La Maza was a focaccia bread linked to the cult of Juno Sospita, a very important divinity for the town of Lanuvium. The town dedicated a monumental temple on the Acropolis to this goddess, visited by all Latin tribes. In 338 B.C., when the Romans definitively defeated the towns of the Latin League, they reserved a special treatment for Lanuvium in exchange for part of the proceeds from the rich Sanctuary.
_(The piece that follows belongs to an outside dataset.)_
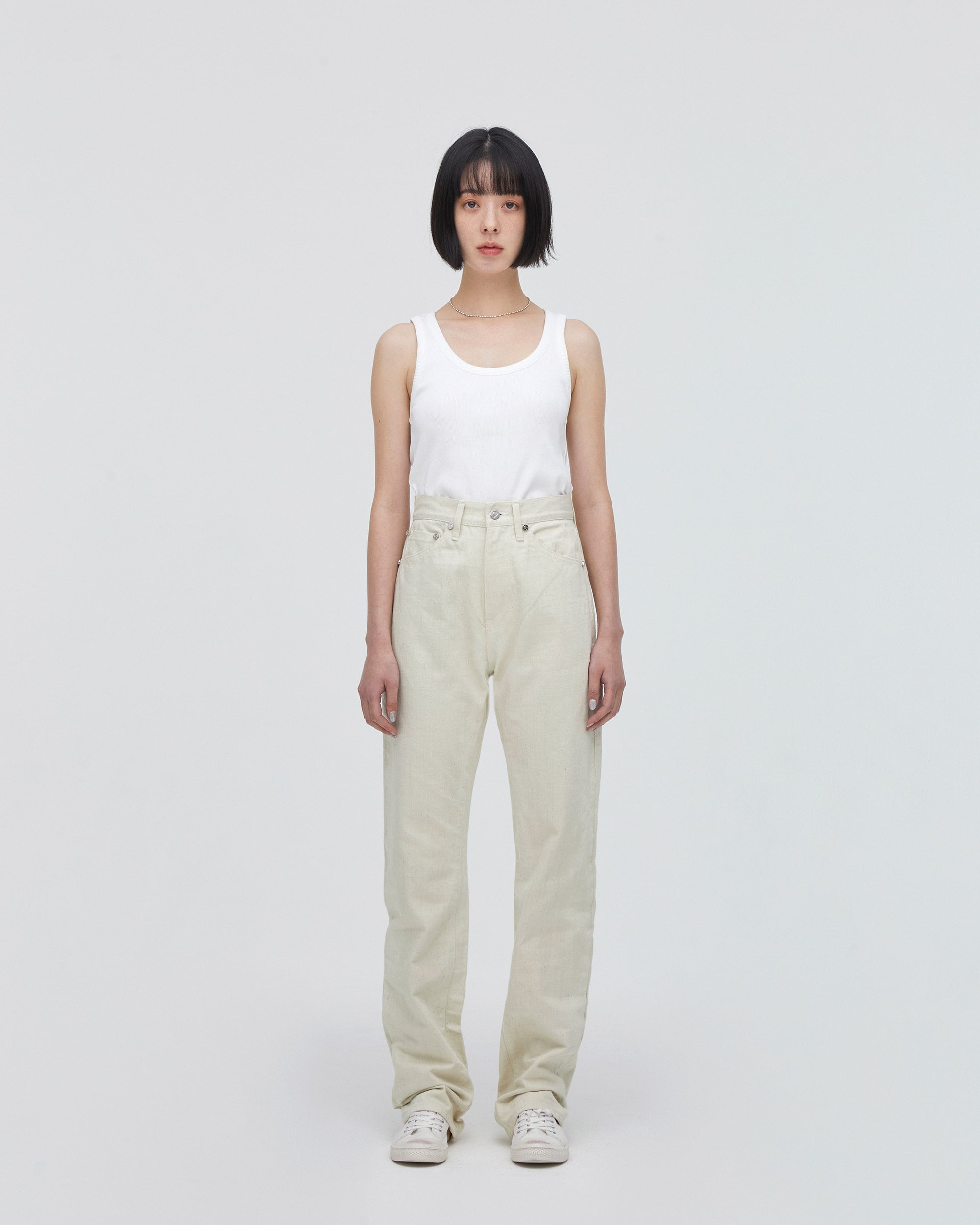 High-Waist Straight MODEL<br>フロントフィットスタイル<br>股下にスッキリと美しい三角形が見えるようにマチを施し立体的に仕上げています。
The archaeological excavation campaigns and the ancient sources - in particular Propertius and Eliano - have allowed to bring to light the remains of the monumental temple, but above all to reconstruct the history of an ancient propitiatory rite dedicated to the snake sacred to the goddess, to which some virgins from Lanuvio had to bring spelt bread as a gift, in exchange for fruitful crops.
The term “maza” was used by the Greeks to describe a focaccia bread to be consumed both on its own or as a side dish for other foods, whose ingredients for the dough varied depending on the occasion of consumption: water, oil, honey, milk, spelt flour, barley, chickpeas or broad beans. In fact, it is no coincidence that the archaeological investigations at the temple revealed traces of cooked beans and chickpeas, as well as the remains of sheep and goats. Understanding the historical value of the ancient cult, the Municipality and the Lanuvio producers decided to restart the production of this old focaccia bread, spreading the fascinating history closely connected to it. Today, as then, Maza is produced with simple ingredients such as barley or wholemeal spelt flour, water, extra virgin olive oil and salt, baked and seasoned with local products.
The Maza, characterised by its round shape, has a straw yellow or amber colour. The high olfactory intensity is characterised by the pronounced notes of cereals and oil, combined with light roasted scents. The taste is harmoniously salty, with a pleasant sweet note. Good crispiness and medium aromatic persistence.